Image-caption web data
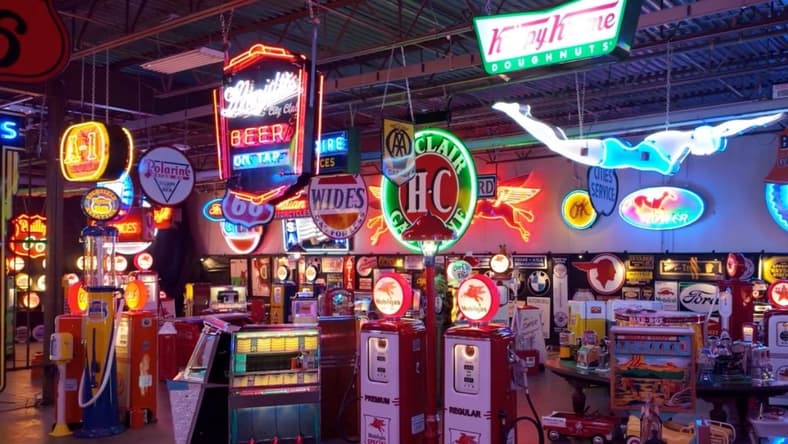Barrett-Jackson 2026 Scottsdale Automobilia Collection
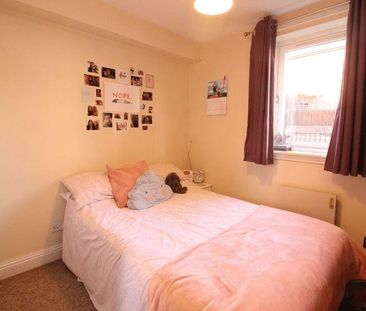 4 bedroom flat to rent - Photo 5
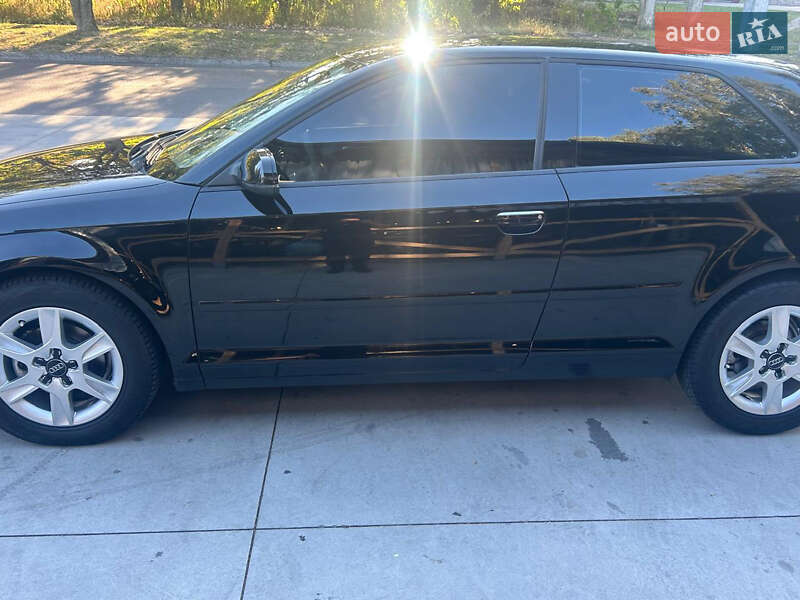 Хетчбек Audi A3 2010 в Дніпрі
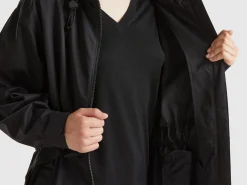 Parka in cotton and nylon 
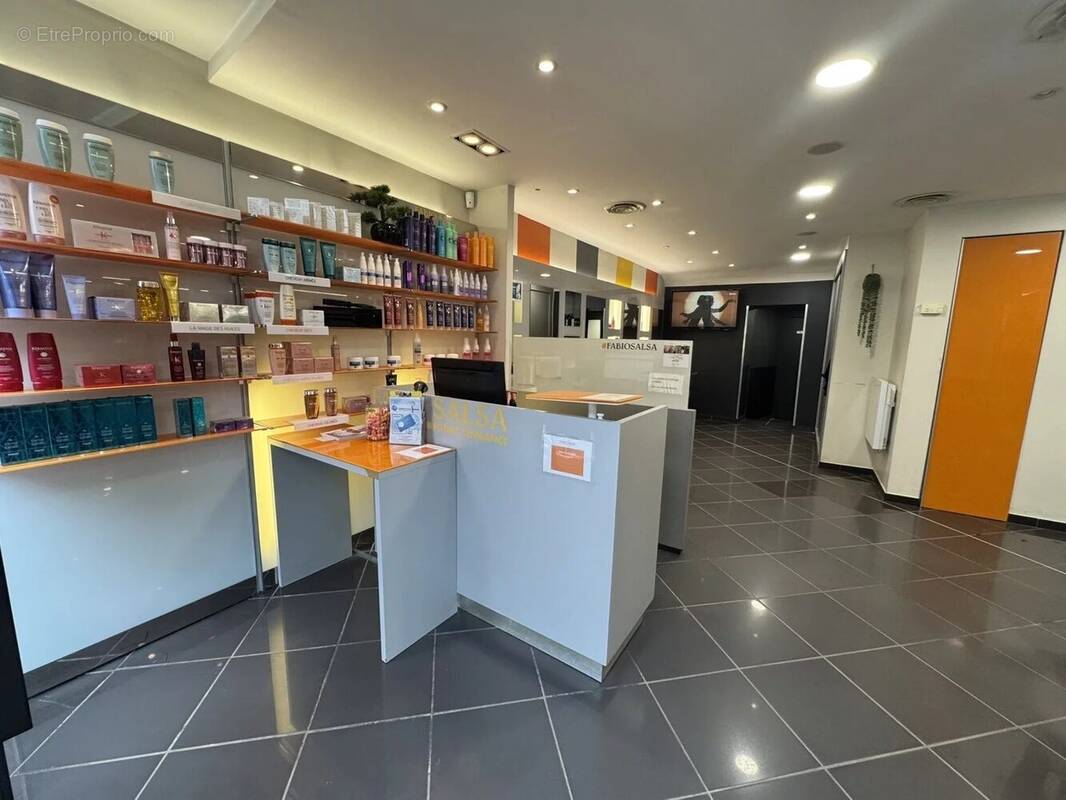 Commerce à CHANTILLY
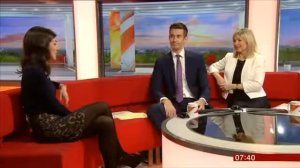 Sports Presenter Katherine Downes Sexy Legs, Thighs On Show. Nice Short Skirt. 8 Jan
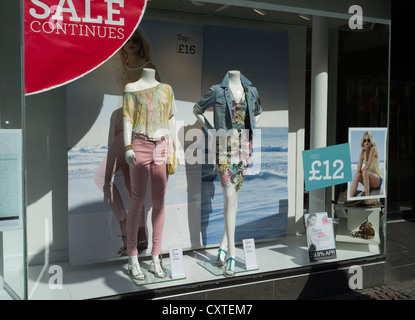 dh Shop Schaufenster SHOPPING UK Verkauf Fenster junge Frauen Mode Kleidung Kleid Außenschilder zeigen gb Shops Front Store Stockfoto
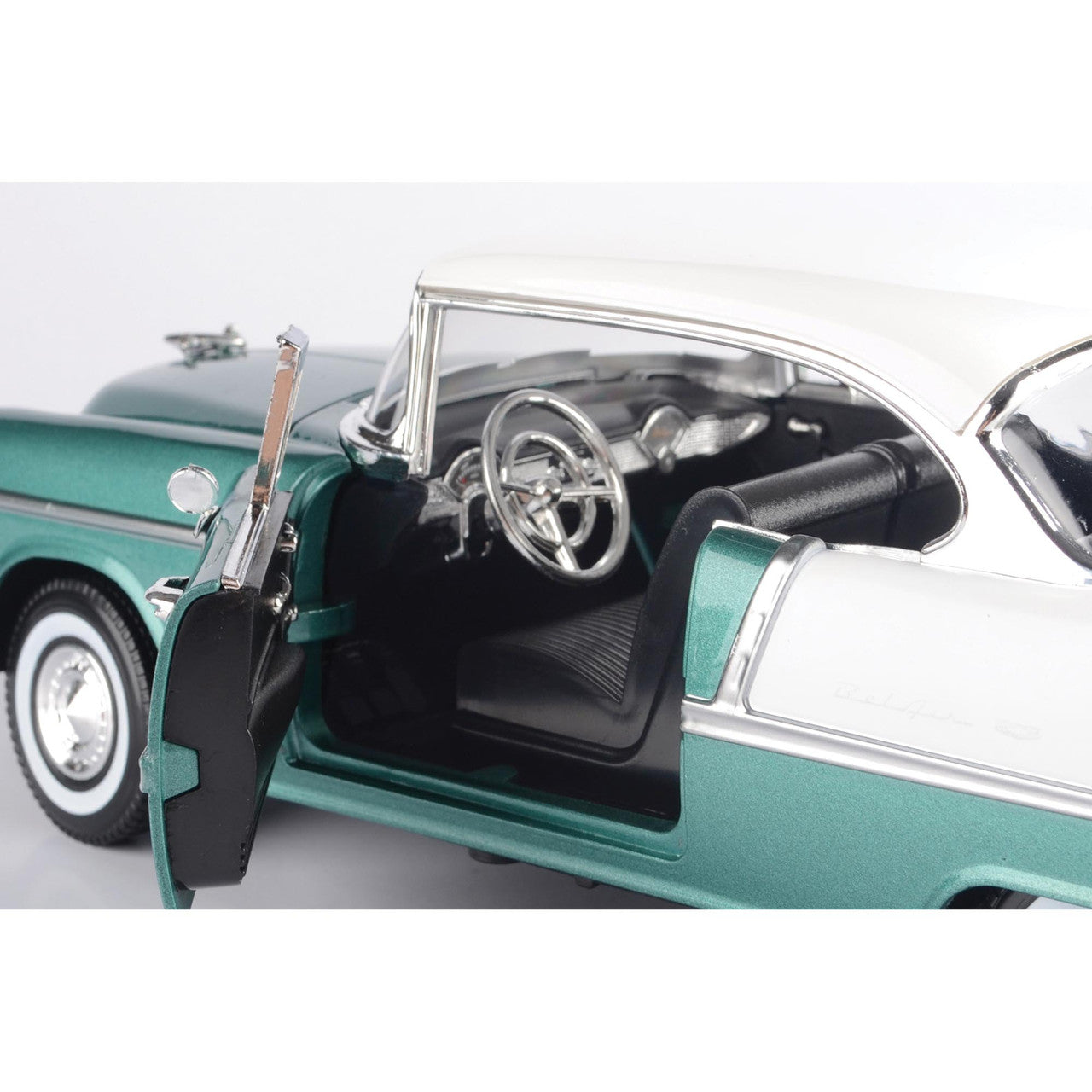 1955 Chevy Bel Air Hardtop 1:18 Scale Diecast Model Car by Motormax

*ACTIVITY*: Each record above must be set down again unchanged, with its pictures left out.

*EXPECTED ANSWER*:
Barrett-Jackson 2026 Scottsdale Automobilia Collection
 4 bedroom flat to rent - Photo 5
 Хетчбек Audi A3 2010 в Дніпрі
 Parka in cotton and nylon 
 Commerce à CHANTILLY
 Sports Presenter Katherine Downes Sexy Legs, Thighs On Show. Nice Short Skirt. 8 Jan
 dh Shop Schaufenster SHOPPING UK Verkauf Fenster junge Frauen Mode Kleidung Kleid Außenschilder zeigen gb Shops Front Store Stockfoto
 1955 Chevy Bel Air Hardtop 1:18 Scale Diecast Model Car by Motormax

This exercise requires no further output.